Imagine you are leading a project and your instinct tells you there is a flaw in the business case; is there something missing in the investment analysis.  What do you do?

Back in the mid 1990’s , I was part of a project negotiating team looking to do a deal between my company and a National Oil Company.  

Involved were representatives of the National Oil Company – local sheikh’s ; their advisors and from my company senior business and project executives.  We were in a grand house in London.  This was the house that senior executives would use for big meetings – they even had a butler and chef in the kitchen.

I was relatively inexperienced and responsible for the project analysis and business case. One of the first things I learnt about investment analysis which is fundamental is the importance of the assumptions that are being made. My analysis included data and assumptions on all the key variables and showed that one of the biggest uncertainties was the logistic cost of moving the finished product.  Would there be a fixed tariff – $/tonne or would further investment $m be required in port facilities for distributing the product. 

I could see that a high freight cost or significant additional capital cost would make the project much less economic.  I pointed this out to my senior company executive and he asked me to present the economic case and draw attention to the key assumptions including the logistics uncertainties.

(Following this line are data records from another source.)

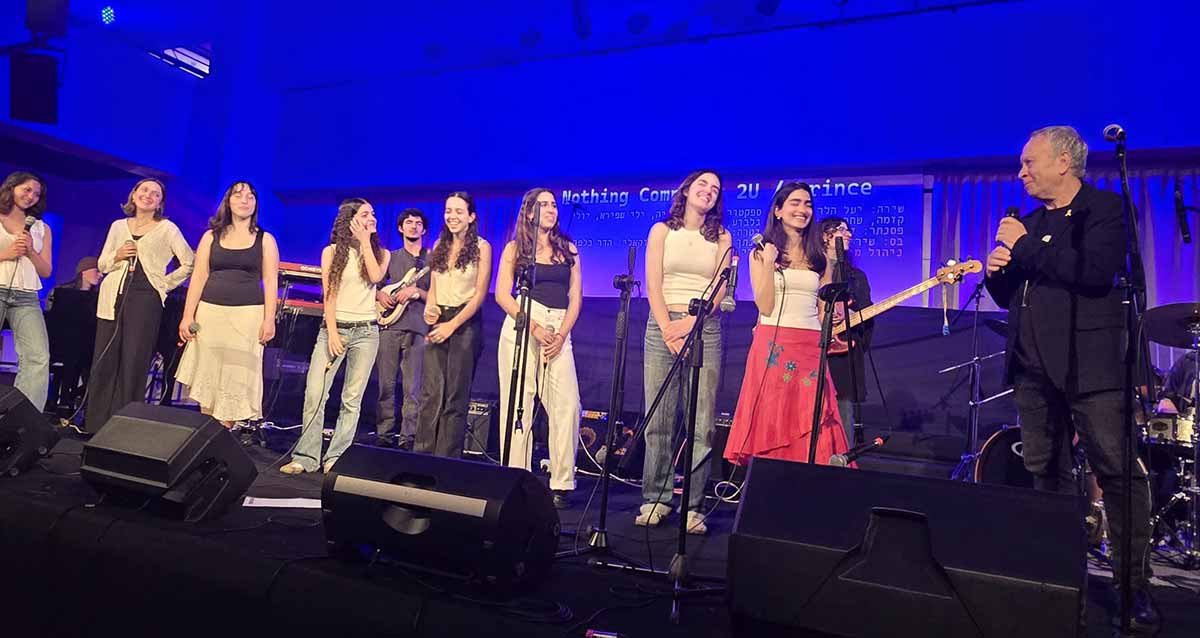 יואב קוטנר ותלמידי מגמת המוזיקה בתיכון אלון על במה עם מיקרופונים.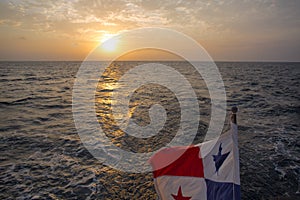 Sunset and Panama Flag waving with the sea in The San Blash Island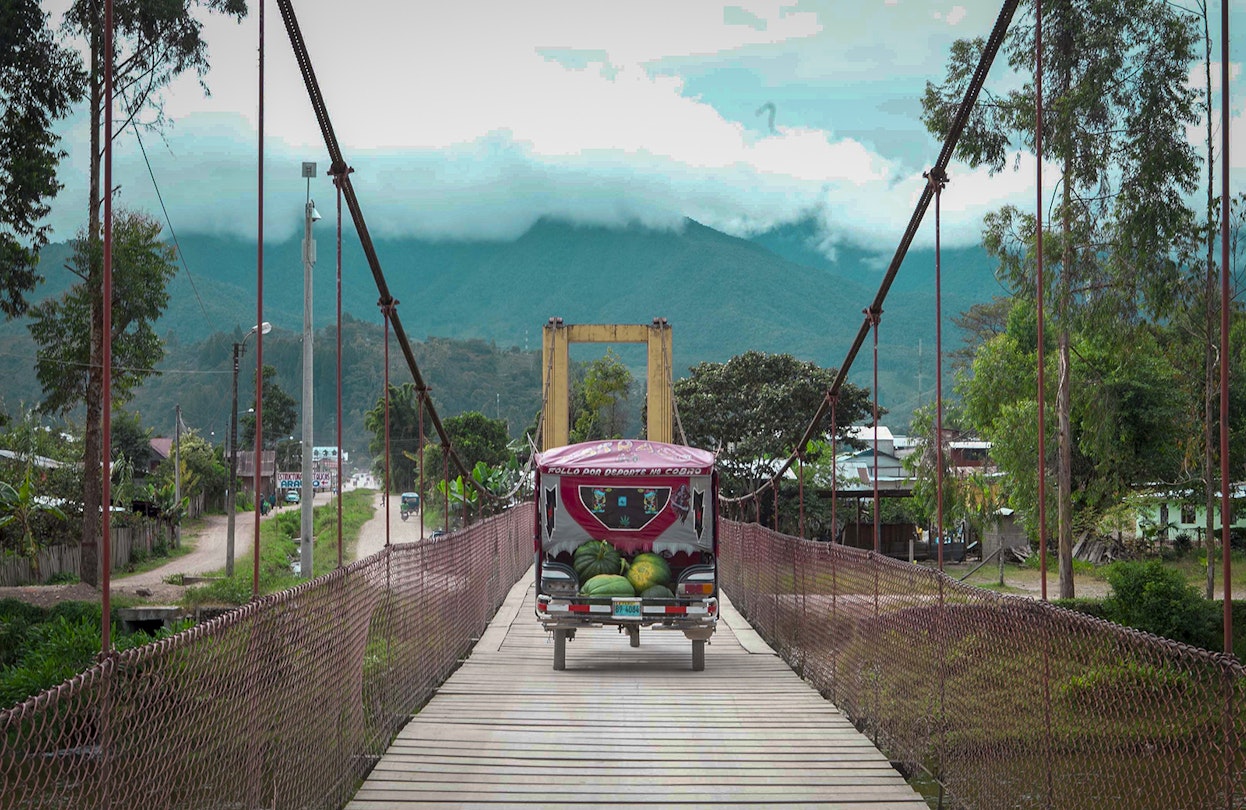 A fruit cart crosses a wooden bridge with misty mountains in the background © Agnes Rivera / Lonely Planet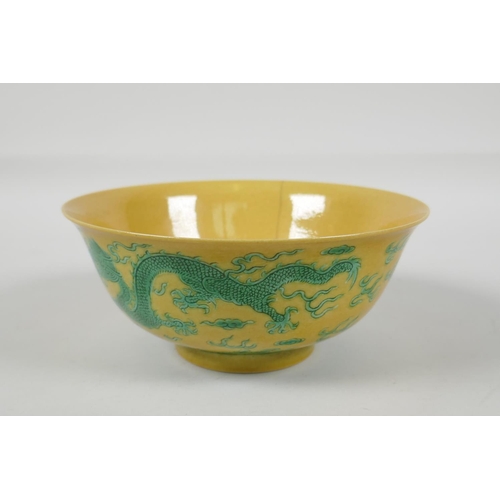 35 - A Chinese yellow ground porcelain rice bowl with incised green enamel dragon decoration, 6 character...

I remember being in the oak panelled board room sitting at a large oval table, with the smell of fine wood panelling .  Round the able there were the sheiks, their expert advisors and the company executives.  The discussions were intense and it came to the shared economic model that I had prepared.  I felt nervous because I had big news to present – and maybe a deal breaker.

Our chief business executive, a gnarly, grizzly sort of character turned to me and said, ‘Tim, please present the project economics’.  

Everyone went quiet – I outlined the economics – then I highlighted the impact of the uncertainty on the logistics assumptions – the consequence on the project value of a significant $/tonne charge and/or a multi $m investment cost for jetties and loading facilities.  I sensed the interest and tension in the room – I paused and looked at my boss and he said very firmly ‘carry on Tim’  – the stage was truly mine and I was away – the adrenaline flowing.   I was then chairing a discussion of the project value and the key drivers –  there was a lot of heated debate about the facts – AND the logistic costs were accepted as a key variable –  to manage the uncertainty there was an undertaking from the National Oil Company that these would not impact the project economics – they would cover these arrangements.  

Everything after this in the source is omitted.